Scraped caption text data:
>>>>

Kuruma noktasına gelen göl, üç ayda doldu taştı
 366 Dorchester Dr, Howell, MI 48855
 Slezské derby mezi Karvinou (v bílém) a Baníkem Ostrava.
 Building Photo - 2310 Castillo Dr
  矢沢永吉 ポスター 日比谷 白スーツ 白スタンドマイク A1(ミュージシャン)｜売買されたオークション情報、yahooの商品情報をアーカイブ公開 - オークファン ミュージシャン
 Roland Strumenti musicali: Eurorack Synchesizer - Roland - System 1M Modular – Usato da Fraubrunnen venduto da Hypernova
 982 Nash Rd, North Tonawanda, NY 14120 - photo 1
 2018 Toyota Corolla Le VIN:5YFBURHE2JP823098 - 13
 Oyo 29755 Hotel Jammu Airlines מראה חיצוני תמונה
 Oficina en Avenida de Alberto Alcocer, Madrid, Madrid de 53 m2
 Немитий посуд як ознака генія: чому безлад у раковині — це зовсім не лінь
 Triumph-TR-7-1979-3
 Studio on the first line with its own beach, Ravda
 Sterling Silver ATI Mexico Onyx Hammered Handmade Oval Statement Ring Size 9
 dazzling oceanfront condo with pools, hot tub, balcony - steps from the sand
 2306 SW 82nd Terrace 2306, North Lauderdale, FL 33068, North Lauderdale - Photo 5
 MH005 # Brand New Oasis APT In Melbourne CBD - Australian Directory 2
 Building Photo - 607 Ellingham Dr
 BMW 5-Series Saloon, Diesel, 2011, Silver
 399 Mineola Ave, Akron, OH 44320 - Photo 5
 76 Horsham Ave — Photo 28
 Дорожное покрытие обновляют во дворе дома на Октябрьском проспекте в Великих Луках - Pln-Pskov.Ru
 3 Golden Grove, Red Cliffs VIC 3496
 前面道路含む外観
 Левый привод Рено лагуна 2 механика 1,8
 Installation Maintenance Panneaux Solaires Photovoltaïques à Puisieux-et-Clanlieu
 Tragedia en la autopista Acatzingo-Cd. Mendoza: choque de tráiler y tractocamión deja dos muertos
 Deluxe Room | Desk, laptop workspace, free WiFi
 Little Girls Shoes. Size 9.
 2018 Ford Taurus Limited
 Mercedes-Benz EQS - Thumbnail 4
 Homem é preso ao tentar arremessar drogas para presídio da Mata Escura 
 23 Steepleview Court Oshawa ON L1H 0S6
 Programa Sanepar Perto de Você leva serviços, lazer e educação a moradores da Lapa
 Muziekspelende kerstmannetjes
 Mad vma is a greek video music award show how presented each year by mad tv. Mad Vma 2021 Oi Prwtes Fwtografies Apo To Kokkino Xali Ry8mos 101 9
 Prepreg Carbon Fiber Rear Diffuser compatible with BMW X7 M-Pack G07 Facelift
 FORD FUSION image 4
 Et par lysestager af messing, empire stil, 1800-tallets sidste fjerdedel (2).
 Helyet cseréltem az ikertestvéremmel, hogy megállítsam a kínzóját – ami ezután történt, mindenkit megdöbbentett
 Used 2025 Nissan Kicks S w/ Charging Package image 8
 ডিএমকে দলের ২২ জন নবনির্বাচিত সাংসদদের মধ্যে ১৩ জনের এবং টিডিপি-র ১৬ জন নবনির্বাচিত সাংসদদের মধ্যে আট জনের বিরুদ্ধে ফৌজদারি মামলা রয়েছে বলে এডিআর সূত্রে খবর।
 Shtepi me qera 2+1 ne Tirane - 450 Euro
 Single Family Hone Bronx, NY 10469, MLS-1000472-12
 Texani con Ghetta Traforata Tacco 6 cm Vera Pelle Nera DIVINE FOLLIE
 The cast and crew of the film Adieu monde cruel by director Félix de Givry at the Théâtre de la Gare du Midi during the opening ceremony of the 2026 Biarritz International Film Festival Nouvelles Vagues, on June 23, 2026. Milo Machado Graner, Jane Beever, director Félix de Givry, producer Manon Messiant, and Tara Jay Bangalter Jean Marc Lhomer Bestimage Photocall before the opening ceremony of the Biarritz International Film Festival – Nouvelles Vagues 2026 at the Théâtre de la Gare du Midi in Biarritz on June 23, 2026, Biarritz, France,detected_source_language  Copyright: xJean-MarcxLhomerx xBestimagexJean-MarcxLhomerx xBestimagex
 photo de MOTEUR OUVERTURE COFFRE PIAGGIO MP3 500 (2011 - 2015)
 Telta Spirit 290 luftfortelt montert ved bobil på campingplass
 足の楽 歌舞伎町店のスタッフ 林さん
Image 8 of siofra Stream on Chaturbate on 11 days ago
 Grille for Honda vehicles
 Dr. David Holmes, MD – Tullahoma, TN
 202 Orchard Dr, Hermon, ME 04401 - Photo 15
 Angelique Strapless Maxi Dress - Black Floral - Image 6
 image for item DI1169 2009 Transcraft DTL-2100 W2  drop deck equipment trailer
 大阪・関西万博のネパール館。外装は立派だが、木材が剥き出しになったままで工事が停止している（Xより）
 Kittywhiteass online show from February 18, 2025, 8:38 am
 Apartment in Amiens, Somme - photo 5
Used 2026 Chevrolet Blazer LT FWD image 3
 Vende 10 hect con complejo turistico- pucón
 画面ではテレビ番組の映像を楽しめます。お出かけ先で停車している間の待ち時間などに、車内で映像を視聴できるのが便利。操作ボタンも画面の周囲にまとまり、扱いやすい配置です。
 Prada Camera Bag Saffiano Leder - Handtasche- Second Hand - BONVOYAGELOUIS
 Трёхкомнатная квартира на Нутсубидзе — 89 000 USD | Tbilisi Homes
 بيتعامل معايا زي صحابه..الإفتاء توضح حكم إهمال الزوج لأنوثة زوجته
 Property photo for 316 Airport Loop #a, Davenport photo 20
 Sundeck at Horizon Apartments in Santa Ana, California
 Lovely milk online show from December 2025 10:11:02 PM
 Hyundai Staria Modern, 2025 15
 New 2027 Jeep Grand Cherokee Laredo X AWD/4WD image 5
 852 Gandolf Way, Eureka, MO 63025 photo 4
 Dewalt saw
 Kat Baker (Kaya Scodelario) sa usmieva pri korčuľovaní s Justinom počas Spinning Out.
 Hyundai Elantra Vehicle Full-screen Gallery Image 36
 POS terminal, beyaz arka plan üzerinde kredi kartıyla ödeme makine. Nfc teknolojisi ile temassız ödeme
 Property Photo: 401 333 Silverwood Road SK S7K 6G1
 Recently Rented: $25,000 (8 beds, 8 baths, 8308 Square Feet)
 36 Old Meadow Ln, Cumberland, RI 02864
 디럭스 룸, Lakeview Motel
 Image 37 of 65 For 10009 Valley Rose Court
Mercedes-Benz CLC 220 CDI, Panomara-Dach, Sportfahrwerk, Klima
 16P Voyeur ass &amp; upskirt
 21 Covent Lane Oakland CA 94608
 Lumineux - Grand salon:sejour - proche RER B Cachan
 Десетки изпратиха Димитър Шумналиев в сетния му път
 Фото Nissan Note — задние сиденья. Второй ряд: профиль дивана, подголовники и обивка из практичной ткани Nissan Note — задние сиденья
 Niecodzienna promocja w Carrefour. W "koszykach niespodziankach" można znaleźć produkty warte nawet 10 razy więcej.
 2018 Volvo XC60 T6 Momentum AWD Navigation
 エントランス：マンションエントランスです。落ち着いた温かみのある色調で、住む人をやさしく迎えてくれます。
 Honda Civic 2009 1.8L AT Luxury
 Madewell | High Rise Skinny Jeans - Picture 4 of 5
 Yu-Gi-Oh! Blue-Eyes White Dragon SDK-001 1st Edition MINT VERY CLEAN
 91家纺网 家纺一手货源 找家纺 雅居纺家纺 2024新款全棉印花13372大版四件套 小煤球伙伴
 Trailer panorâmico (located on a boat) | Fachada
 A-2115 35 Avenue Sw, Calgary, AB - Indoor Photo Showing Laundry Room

<<<<

Your answer should be the full set of records, printed exactly.

Written answer –
Kuruma noktasına gelen göl, üç ayda doldu taştı
 366 Dorchester Dr, Howell, MI 48855
 Slezské derby mezi Karvinou (v bílém) a Baníkem Ostrava.
 Building Photo - 2310 Castillo Dr
  矢沢永吉 ポスター 日比谷 白スーツ 白スタンドマイク A1(ミュージシャン)｜売買されたオークション情報、yahooの商品情報をアーカイブ公開 - オークファン ミュージシャン
 Roland Strumenti musicali: Eurorack Synchesizer - Roland - System 1M Modular – Usato da Fraubrunnen venduto da Hypernova
 982 Nash Rd, North Tonawanda, NY 14120 - photo 1
 2018 Toyota Corolla Le VIN:5YFBURHE2JP823098 - 13
 Oyo 29755 Hotel Jammu Airlines מראה חיצוני תמונה
 Oficina en Avenida de Alberto Alcocer, Madrid, Madrid de 53 m2
 Немитий посуд як ознака генія: чому безлад у раковині — це зовсім не лінь
 Triumph-TR-7-1979-3
 Studio on the first line with its own beach, Ravda
 Sterling Silver ATI Mexico Onyx Hammered Handmade Oval Statement Ring Size 9
 dazzling oceanfront condo with pools, hot tub, balcony - steps from the sand
 2306 SW 82nd Terrace 2306, North Lauderdale, FL 33068, North Lauderdale - Photo 5
 MH005 # Brand New Oasis APT In Melbourne CBD - Australian Directory 2
 Building Photo - 607 Ellingham Dr
 BMW 5-Series Saloon, Diesel, 2011, Silver
 399 Mineola Ave, Akron, OH 44320 - Photo 5
 76 Horsham Ave — Photo 28
 Дорожное покрытие обновляют во дворе дома на Октябрьском проспекте в Великих Луках - Pln-Pskov.Ru
 3 Golden Grove, Red Cliffs VIC 3496
 前面道路含む外観
 Левый привод Рено лагуна 2 механика 1,8
 Installation Maintenance Panneaux Solaires Photovoltaïques à Puisieux-et-Clanlieu
 Tragedia en la autopista Acatzingo-Cd. Mendoza: choque de tráiler y tractocamión deja dos muertos
 Deluxe Room | Desk, laptop workspace, free WiFi
 Little Girls Shoes. Size 9.
 2018 Ford Taurus Limited
 Mercedes-Benz EQS - Thumbnail 4
 Homem é preso ao tentar arremessar drogas para presídio da Mata Escura 
 23 Steepleview Court Oshawa ON L1H 0S6
 Programa Sanepar Perto de Você leva serviços, lazer e educação a moradores da Lapa
 Muziekspelende kerstmannetjes
 Mad vma is a greek video music award show how presented each year by mad tv. Mad Vma 2021 Oi Prwtes Fwtografies Apo To Kokkino Xali Ry8mos 101 9
 Prepreg Carbon Fiber Rear Diffuser compatible with BMW X7 M-Pack G07 Facelift
 FORD FUSION image 4
 Et par lysestager af messing, empire stil, 1800-tallets sidste fjerdedel (2).
 Helyet cseréltem az ikertestvéremmel, hogy megállítsam a kínzóját – ami ezután történt, mindenkit megdöbbentett
 Used 2025 Nissan Kicks S w/ Charging Package image 8
 ডিএমকে দলের ২২ জন নবনির্বাচিত সাংসদদের মধ্যে ১৩ জনের এবং টিডিপি-র ১৬ জন নবনির্বাচিত সাংসদদের মধ্যে আট জনের বিরুদ্ধে ফৌজদারি মামলা রয়েছে বলে এডিআর সূত্রে খবর।
 Shtepi me qera 2+1 ne Tirane - 450 Euro
 Single Family Hone Bronx, NY 10469, MLS-1000472-12
 Texani con Ghetta Traforata Tacco 6 cm Vera Pelle Nera DIVINE FOLLIE
 The cast and crew of the film Adieu monde cruel by director Félix de Givry at the Théâtre de la Gare du Midi during the opening ceremony of the 2026 Biarritz International Film Festival Nouvelles Vagues, on June 23, 2026. Milo Machado Graner, Jane Beever, director Félix de Givry, producer Manon Messiant, and Tara Jay Bangalter Jean Marc Lhomer Bestimage Photocall before the opening ceremony of the Biarritz International Film Festival – Nouvelles Vagues 2026 at the Théâtre de la Gare du Midi in Biarritz on June 23, 2026, Biarritz, France,detected_source_language  Copyright: xJean-MarcxLhomerx xBestimagexJean-MarcxLhomerx xBestimagex
 photo de MOTEUR OUVERTURE COFFRE PIAGGIO MP3 500 (2011 - 2015)
 Telta Spirit 290 luftfortelt montert ved bobil på campingplass
 足の楽 歌舞伎町店のスタッフ 林さん
Image 8 of siofra Stream on Chaturbate on 11 days ago
 Grille for Honda vehicles
 Dr. David Holmes, MD – Tullahoma, TN
 202 Orchard Dr, Hermon, ME 04401 - Photo 15
 Angelique Strapless Maxi Dress - Black Floral - Image 6
 image for item DI1169 2009 Transcraft DTL-2100 W2  drop deck equipment trailer
 大阪・関西万博のネパール館。外装は立派だが、木材が剥き出しになったままで工事が停止している（Xより）
 Kittywhiteass online show from February 18, 2025, 8:38 am
 Apartment in Amiens, Somme - photo 5
Used 2026 Chevrolet Blazer LT FWD image 3
 Vende 10 hect con complejo turistico- pucón
 画面ではテレビ番組の映像を楽しめます。お出かけ先で停車している間の待ち時間などに、車内で映像を視聴できるのが便利。操作ボタンも画面の周囲にまとまり、扱いやすい配置です。
 Prada Camera Bag Saffiano Leder - Handtasche- Second Hand - BONVOYAGELOUIS
 Трёхкомнатная квартира на Нутсубидзе — 89 000 USD | Tbilisi Homes
 بيتعامل معايا زي صحابه..الإفتاء توضح حكم إهمال الزوج لأنوثة زوجته
 Property photo for 316 Airport Loop #a, Davenport photo 20
 Sundeck at Horizon Apartments in Santa Ana, California
 Lovely milk online show from December 2025 10:11:02 PM
 Hyundai Staria Modern, 2025 15
 New 2027 Jeep Grand Cherokee Laredo X AWD/4WD image 5
 852 Gandolf Way, Eureka, MO 63025 photo 4
 Dewalt saw
 Kat Baker (Kaya Scodelario) sa usmieva pri korčuľovaní s Justinom počas Spinning Out.
 Hyundai Elantra Vehicle Full-screen Gallery Image 36
 POS terminal, beyaz arka plan üzerinde kredi kartıyla ödeme makine. Nfc teknolojisi ile temassız ödeme
 Property Photo: 401 333 Silverwood Road SK S7K 6G1
 Recently Rented: $25,000 (8 beds, 8 baths, 8308 Square Feet)
 36 Old Meadow Ln, Cumberland, RI 02864
 디럭스 룸, Lakeview Motel
 Image 37 of 65 For 10009 Valley Rose Court
Mercedes-Benz CLC 220 CDI, Panomara-Dach, Sportfahrwerk, Klima
 16P Voyeur ass &amp; upskirt
 21 Covent Lane Oakland CA 94608
 Lumineux - Grand salon:sejour - proche RER B Cachan
 Десетки изпратиха Димитър Шумналиев в сетния му път
 Фото Nissan Note — задние сиденья. Второй ряд: профиль дивана, подголовники и обивка из практичной ткани Nissan Note — задние сиденья
 Niecodzienna promocja w Carrefour. W "koszykach niespodziankach" można znaleźć produkty warte nawet 10 razy więcej.
 2018 Volvo XC60 T6 Momentum AWD Navigation
 エントランス：マンションエントランスです。落ち着いた温かみのある色調で、住む人をやさしく迎えてくれます。
 Honda Civic 2009 1.8L AT Luxury
 Madewell | High Rise Skinny Jeans - Picture 4 of 5
 Yu-Gi-Oh! Blue-Eyes White Dragon SDK-001 1st Edition MINT VERY CLEAN
 91家纺网 家纺一手货源 找家纺 雅居纺家纺 2024新款全棉印花13372大版四件套 小煤球伙伴
 Trailer panorâmico (located on a boat) | Fachada
 A-2115 35 Avenue Sw, Calgary, AB - Indoor Photo Showing Laundry Room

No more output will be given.